Did a man’s “flesh” give Jesus life? In other words, was he fathered through the flesh, Joseph’s biological son? No. The Bible says that Joseph did not father Jesus. Rather, he was conceived by the Holy Spirit in the womb of the virgin named Mary. We can say that he was fathered by God, the Father, through the Spirit. The Spirit gave Jesus life. This means that his identity is not as an ordinary man. Fully human is he, yes, assuredly – and, also, fully divine. But the crowd didn’t know that. They didn’t see that. And even if he had told them outright, plainly, they would not have believed it. It was only later, when he rose from the dead, that things could become more clear. No wonder they were confused.
It is only as the Son of God, fully divine, that Jesus can say that his flesh is true food and his blood is true drink and that whoever eats his flesh and drinks his blood has true life within him and will never perish. And it is only because he is God Incarnate, fully human, that he has flesh to give “for the life of the world.”[2] As Dr. Hahn said in the recorded lecture, it is Jesus’s resurrection that allows us to eat his flesh and drink his blood. The crowd couldn’t simply hack off his flesh and eat it as he was standing there talking to them about it. The power of God, the work of the Spirit, was needed in the raising of Jesus and the glorifying of his body, so that we may take and eat, and take and drink. Thus was Jesus given life, and thus can Jesus give life to the whole world.

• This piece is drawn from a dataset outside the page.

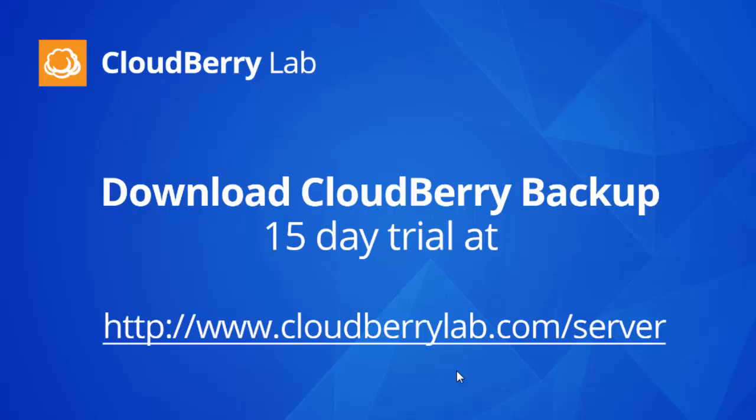That concludes the video and the demo. I hope it's been useful to you. If you need a simple backup solution for your data, visit www.cloudberrylab.com to schedule your backups to Google Cloud and other cloud vendors. Thank you.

I don’t want this writing of mine to be only a brief explanation of Scripture and doctrine. So, these last few minutes of this Burst will be employed in the use of the random piece of Scripture given to me today. I believe that God wanted me to read that section about Jesus being Joseph’s son yesterday and would have led me to a deeper understanding then. God knows that I have been wondering for years about Jesus’ reference to flesh versus spirit at the end of the Bread of Life discourse. But, I didn’t listen to the “still, small voice” yesterday, I ignored the prompting of the Spirit and walked away. God works in mysterious ways, however. As Albert Einstein said, “Coincidence is God’s way of remaining anonymous.” Today, the very same part of Scripture was brought to me again. Would I “extinguish the Spirit” a second time? No. In fact, I was more prepared to listen attentively because of my brushing aside on the day before. And, so, in the end, God got through to me and told me what I needed to know. Following the Spirit, I was brought to the place where I was meant to be.